I'm a PhD student in experimental psychology at Oxford. I currently live in England, but I've also lived in Brussels, Boston, and Los Angeles. I'm originally from Seattle.
There are two avenues of work I do. The first is my academic research in psychology and cognitive science. My main research interests are summarized below, and you can read a more in-depth synopsis here. The other is my writing and other projects geared toward a broader audience, which includes the following:
This is my show in which I interview eminent scientists, thinkers, and writers about the personal side of their intellectual journey. Each episode is about getting a glimpse into the person behind the idea. These episodes come out once a week on Tuesdays. Some of my favorite guests include Steven Pinker, Julia Shaw, Paul Bloom, Susan Fiske, Mark Granovetter, and Chantel Prat.
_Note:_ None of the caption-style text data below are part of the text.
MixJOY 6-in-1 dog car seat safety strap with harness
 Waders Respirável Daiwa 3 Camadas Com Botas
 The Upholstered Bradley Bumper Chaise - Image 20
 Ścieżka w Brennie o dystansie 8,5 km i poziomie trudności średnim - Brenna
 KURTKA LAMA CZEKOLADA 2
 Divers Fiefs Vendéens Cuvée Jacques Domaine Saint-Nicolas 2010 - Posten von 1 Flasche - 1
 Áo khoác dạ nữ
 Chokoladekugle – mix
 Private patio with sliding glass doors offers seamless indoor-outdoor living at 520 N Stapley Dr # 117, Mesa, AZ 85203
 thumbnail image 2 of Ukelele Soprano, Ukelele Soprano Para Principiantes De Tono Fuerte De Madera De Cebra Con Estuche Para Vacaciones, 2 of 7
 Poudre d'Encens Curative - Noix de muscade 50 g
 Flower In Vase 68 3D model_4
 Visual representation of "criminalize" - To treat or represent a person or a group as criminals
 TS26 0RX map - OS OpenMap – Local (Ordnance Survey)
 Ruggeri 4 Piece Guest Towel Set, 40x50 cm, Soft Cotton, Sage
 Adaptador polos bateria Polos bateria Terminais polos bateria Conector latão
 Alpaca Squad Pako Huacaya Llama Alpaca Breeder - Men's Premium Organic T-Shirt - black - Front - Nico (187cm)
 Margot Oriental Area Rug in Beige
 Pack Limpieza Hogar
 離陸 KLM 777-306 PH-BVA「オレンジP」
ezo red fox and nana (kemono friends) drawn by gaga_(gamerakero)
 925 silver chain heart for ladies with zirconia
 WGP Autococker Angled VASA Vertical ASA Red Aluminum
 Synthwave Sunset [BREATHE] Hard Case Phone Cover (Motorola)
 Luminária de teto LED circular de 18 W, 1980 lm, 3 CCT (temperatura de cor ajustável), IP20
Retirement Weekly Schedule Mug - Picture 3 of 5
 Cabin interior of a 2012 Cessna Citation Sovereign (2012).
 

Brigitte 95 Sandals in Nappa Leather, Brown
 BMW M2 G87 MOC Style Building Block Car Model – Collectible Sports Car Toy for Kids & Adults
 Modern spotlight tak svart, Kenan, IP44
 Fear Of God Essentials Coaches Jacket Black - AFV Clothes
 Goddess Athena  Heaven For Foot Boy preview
Available anywhere you listen to podcasts.
This is my travel show about the observations of a psychologist abroad. In the first season, we go to ten different locations -- from the 2018 World Cup in Russia, to a road trip through the Mountain Kingdom of Lesotho, to Christmas in Myanmar -- to get a sense of the place and its people. It's a vein of writing that's fueled by my not-so-secret obsession with anthropologists.
I write about psychological research, the history of ideas, and human-driven narratives. My pieces have appeared in Nautilus, Scientific American, Psychology Today. I also publish pieces on my blog. These are some of my favorites.
My newsletter comes out every other week on Fridays. It's called Dear Luke. It's the most personal writing I do, and in it I detail some sort of challenge I've been facing recently and how I've begun to address it. This is the best way to keep up with my writing and podcasts as they are released.
One of the biggest problems we face today in society is that we have a hard time making sense of people who are different from ourselves. If someone comes from a different background -- whether it's in terms of culture, race, politics, or religion -- it's much harder to make sense of the way they see things than someone with whom you have all this in common. My research is about how we make sense of people who are different from ourselves: when we do it well, when we fail, and how we can be better.
The basic thrust of my work on this (which is in its very early stages) is that understanding others doesn't take fancy mental gymnastics, being good at "putting yourself in their shoes," or a sophisticated algorithm for what psychologists call "theory of mind." Instead, it's a function of whether or not you're willing to put in the effort. Are you going to spend the time to seek out conversations with those people? To read their books? To give some thought to where they might be coming from? It's that willingness to engage that allows us to see things from another's perspective rather than any special capacity for empathic insight.